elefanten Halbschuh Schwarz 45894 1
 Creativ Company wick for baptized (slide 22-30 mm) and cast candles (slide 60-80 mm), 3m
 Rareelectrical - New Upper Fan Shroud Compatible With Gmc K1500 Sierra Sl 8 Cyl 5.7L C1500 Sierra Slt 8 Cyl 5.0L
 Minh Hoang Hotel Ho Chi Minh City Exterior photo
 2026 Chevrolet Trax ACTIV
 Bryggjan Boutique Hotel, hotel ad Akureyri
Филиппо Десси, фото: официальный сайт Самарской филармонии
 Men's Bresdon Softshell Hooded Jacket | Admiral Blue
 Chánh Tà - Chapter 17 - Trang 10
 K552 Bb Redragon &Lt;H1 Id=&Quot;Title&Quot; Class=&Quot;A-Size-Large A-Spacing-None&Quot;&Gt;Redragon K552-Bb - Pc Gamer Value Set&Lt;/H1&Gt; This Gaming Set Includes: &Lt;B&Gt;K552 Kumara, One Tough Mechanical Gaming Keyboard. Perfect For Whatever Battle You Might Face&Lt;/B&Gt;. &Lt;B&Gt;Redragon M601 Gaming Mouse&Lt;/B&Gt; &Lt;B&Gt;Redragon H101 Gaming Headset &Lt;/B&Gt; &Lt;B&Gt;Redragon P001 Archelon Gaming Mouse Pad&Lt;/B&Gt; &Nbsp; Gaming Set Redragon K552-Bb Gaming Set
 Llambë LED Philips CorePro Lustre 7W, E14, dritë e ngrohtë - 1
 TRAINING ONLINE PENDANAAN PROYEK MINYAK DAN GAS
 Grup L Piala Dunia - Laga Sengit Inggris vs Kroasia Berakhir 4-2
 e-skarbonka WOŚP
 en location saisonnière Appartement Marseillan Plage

= = = = = = =

Count how many lines of the entries include the string "Hotel". The number is the entire answer.

> _Exercise response_: 2